What the exercise asks. Nothing but the lines from the one containing "Regulation of UVR8" through the last line of the material should appear in the answer, transcribed exactly, pictures excluded.

Source material.
"""

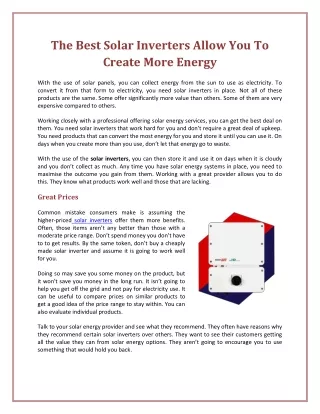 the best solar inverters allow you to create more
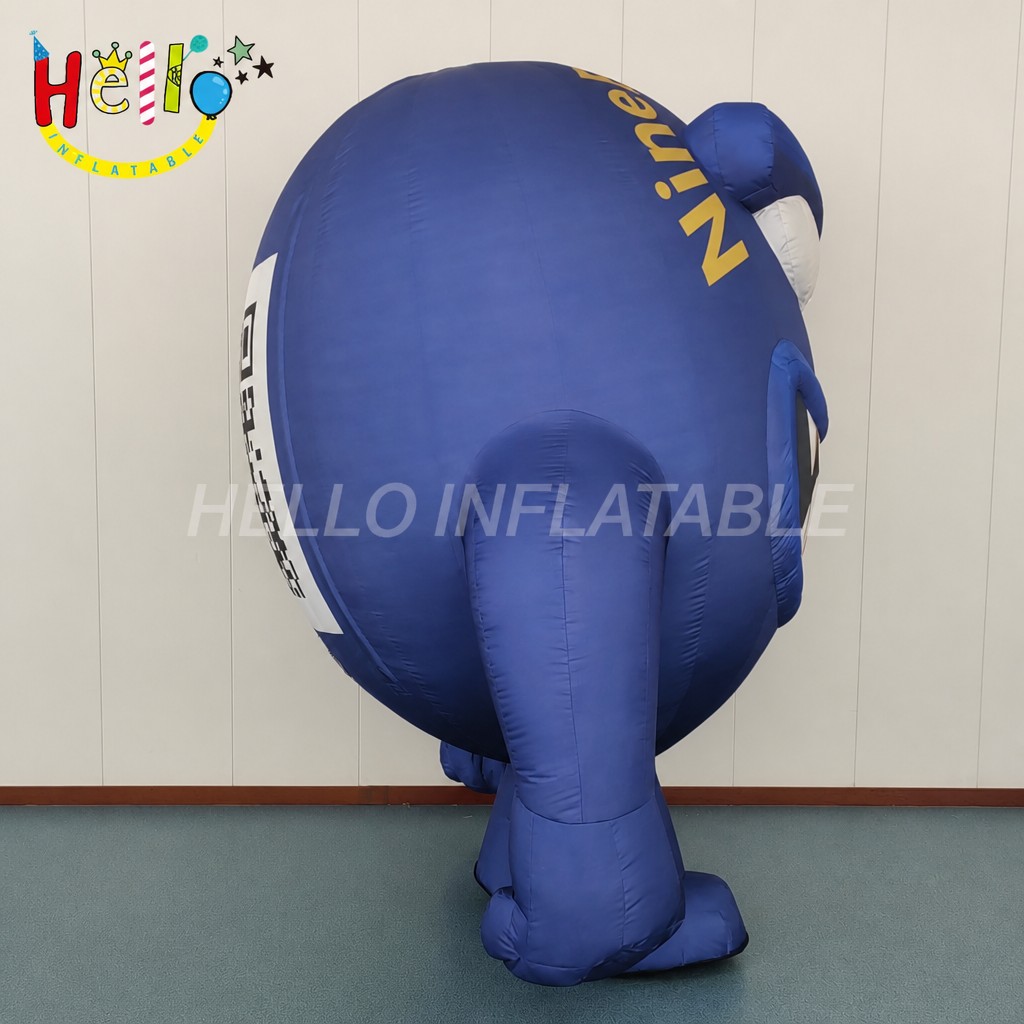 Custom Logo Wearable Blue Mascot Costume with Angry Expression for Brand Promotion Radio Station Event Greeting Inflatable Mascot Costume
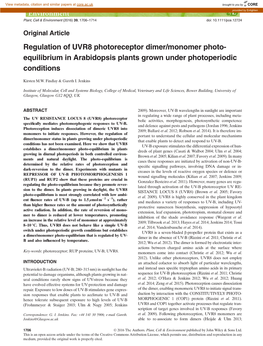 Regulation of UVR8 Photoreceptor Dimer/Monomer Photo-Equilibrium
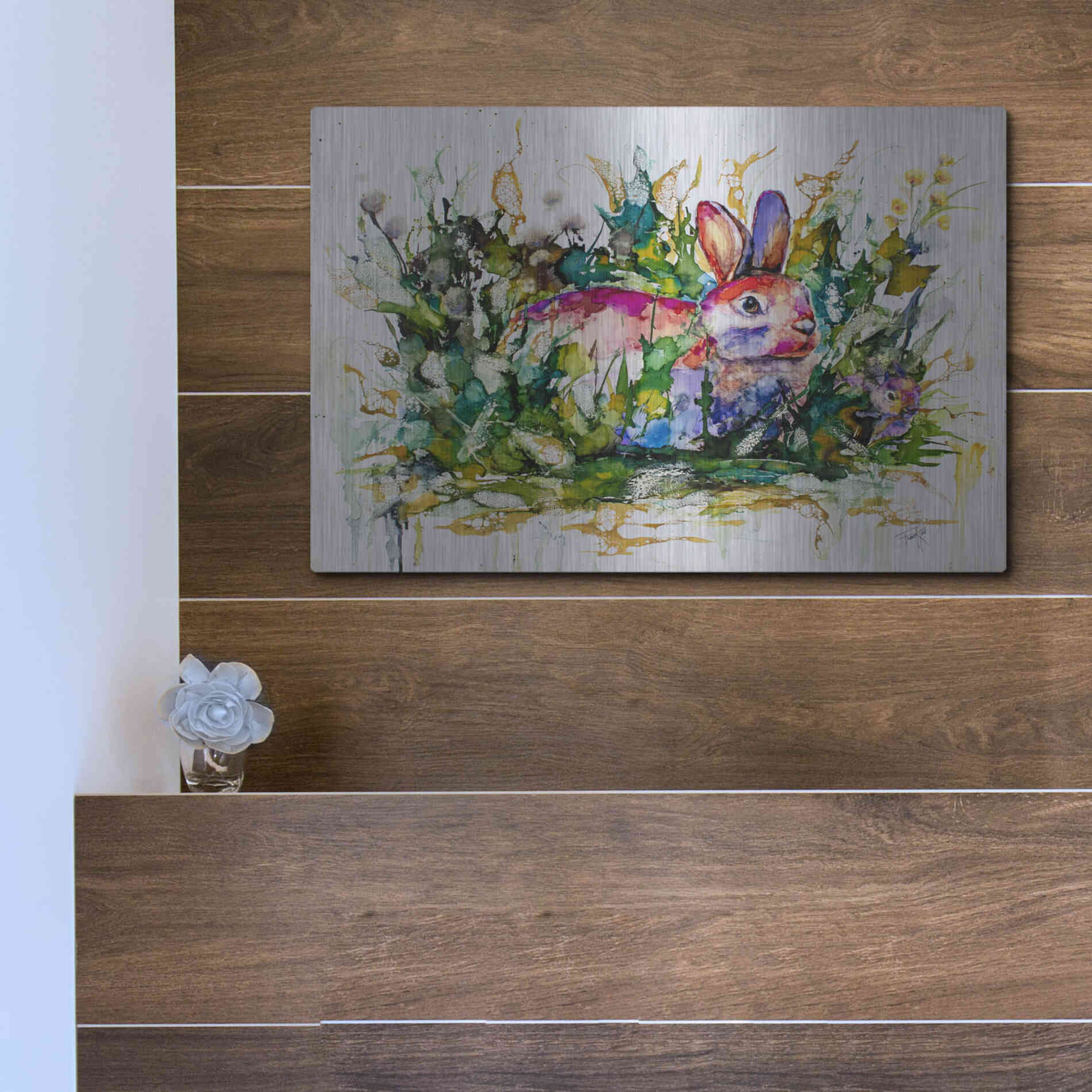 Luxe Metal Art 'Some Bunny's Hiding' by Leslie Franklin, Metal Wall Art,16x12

"""

Exercise output.
 Regulation of UVR8 Photoreceptor Dimer/Monomer Photo-Equilibrium
 Luxe Metal Art 'Some Bunny's Hiding' by Leslie Franklin, Metal Wall Art,16x12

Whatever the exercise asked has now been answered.